Dość napiętą sytuację próbował opanować kmdr Enzo Grossi, dowódca włoskiej bazy w Bordeaux (Betasom), który już 12 września 1943 r. pojechał do Berlina i na spotkaniu z adm. Karlem Dönitzem przekazał mu informację, że jego ludzie postanowili kontynuować walkę. Taką samą wiadomość od Grossiego otrzymał Arillo, wraz z rozkazami włączenia się w skład jednostek niemieckich okrętów podwodnych. Sam Grossi przybył do bazy w Piławie 14 września 1943 r. W czasie swego pobytu przekonywał marynarzy do podjęcia takiej samej decyzji. Część z nich była jednak niezdecydowana, dlatego komandor sięgnął po argument niemal ostateczny, powiedział im, że mogą zostać wysłani do obozów jenieckich.

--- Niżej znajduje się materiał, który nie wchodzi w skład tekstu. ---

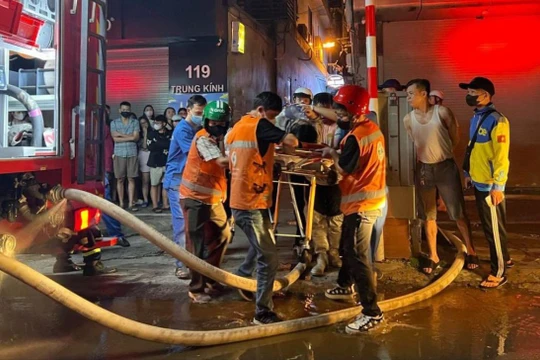Hiện trường vụ cháy nhà trọ ở Hà Nội làm 14 người tử vong
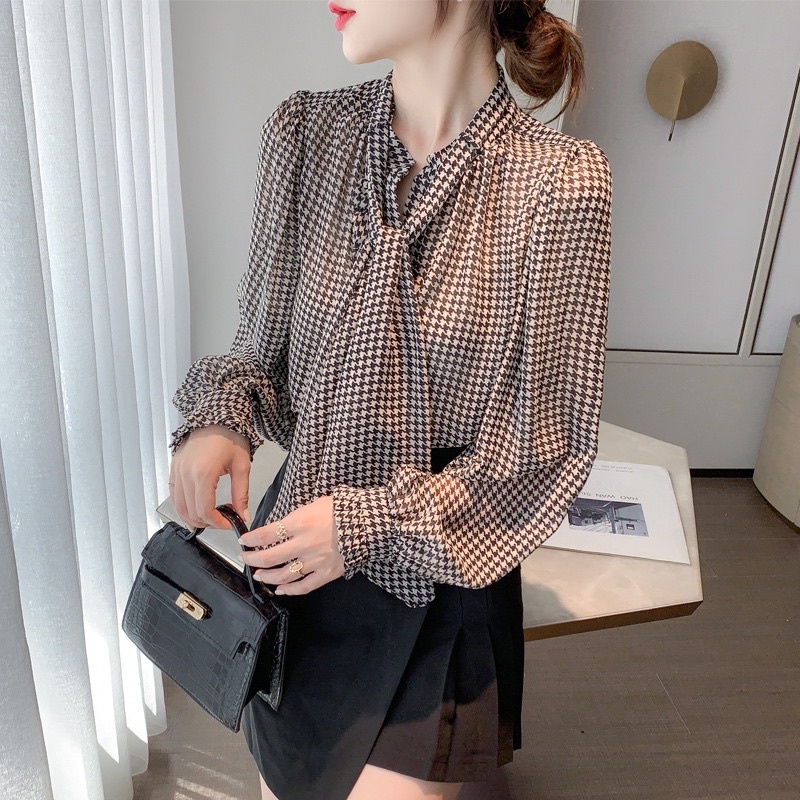 Áo sơ mi tay phồng cột nơ cổ ziczac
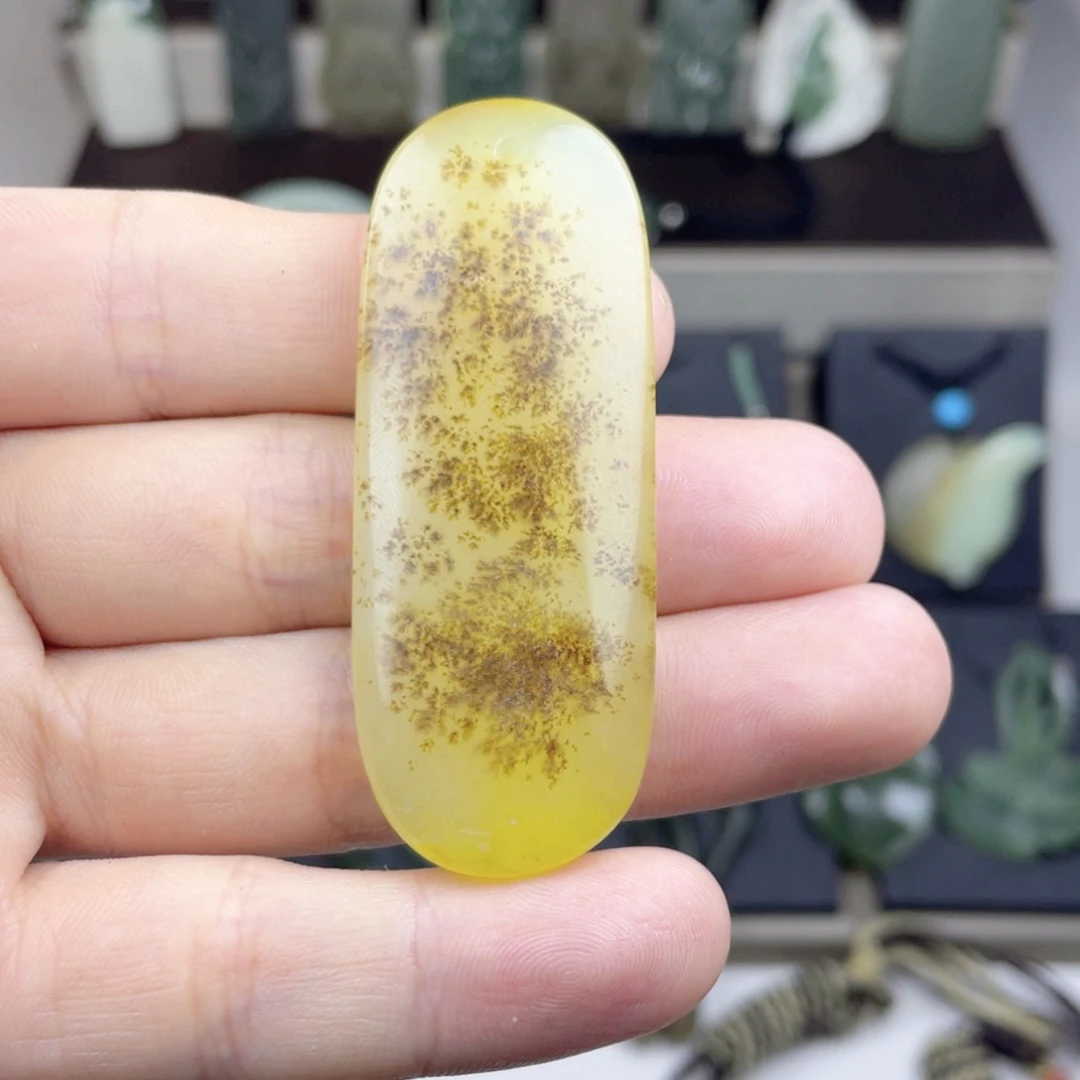 吃***肥颈饰未镶嵌和田玉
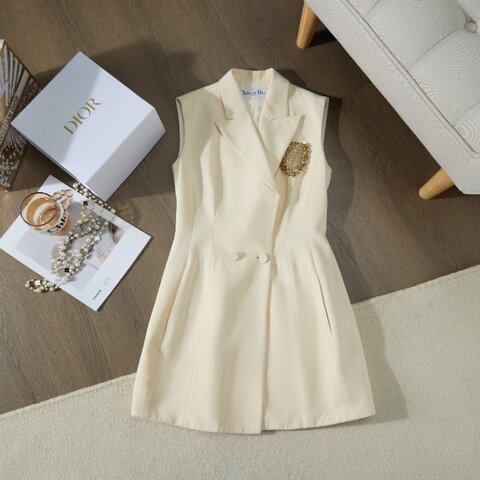 ❤️ DIOR 華麗胸針 超顯氣質 無袖 米色連衣裙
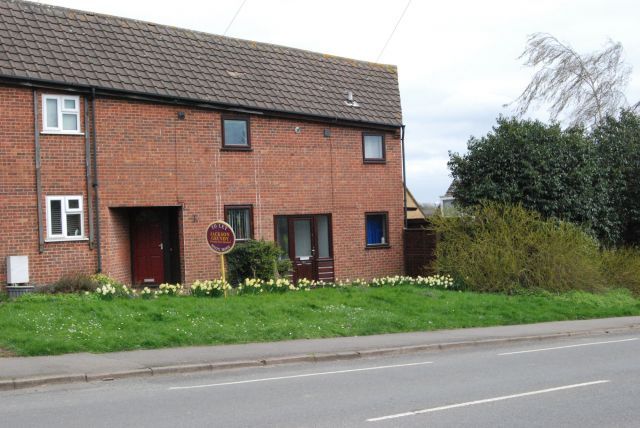 Thumbnail Terraced house to rent in Badby Road, Daventry, Northamptonshire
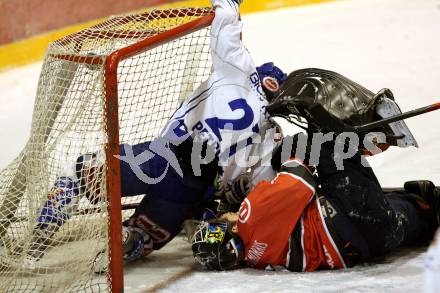 EBEL. Eishockey Bundesliga. HK Acroni Jesenice gegen EC Pasut VSV. PETRIK Nicolas (VSV), GRUMET-MORRIS Dov (Jesenice). Jesenice, am 19.11.2009.
Foto: Kuess 


---
pressefotos, pressefotografie, kuess, qs, qspictures, sport, bild, bilder, bilddatenbank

Po trzech lub czterech dniach załogi z Piławy przetransportowano do Gdańska. Na pokładzie torpedowca, 18 lub 19 września, Grossi przybył do Gdyni wraz z częścią marynarzy. Odbył kolejne rozmowy z oficerami i z załogami okrętów przebywających na pokładzie okrętu Deutschland. Ponownie zaapelował o podjęcie słusznej – tej samej co on i jego ludzie – decyzji. Większość taką decyzję podjęła, oprócz 6 oficerów, 2 podoficerów i 35 szeregowców (według innych włoskich źródeł łącznie odmówiło dalszej służby około 60 ludzi), którzy natychmiast zostali zwolnieni ze służby, internowani przez Niemców i odesłani do obozu jenieckiego w Toruniu – Thorn Stalag XXA. Ci marynarze i żołnierze, którzy opowiedzieli się za dalszą współpracą z Niemcami weszli w skład tworzonych od nowa oddziałów zadymiarzy, tym razem Sił Zbrojnych RSI.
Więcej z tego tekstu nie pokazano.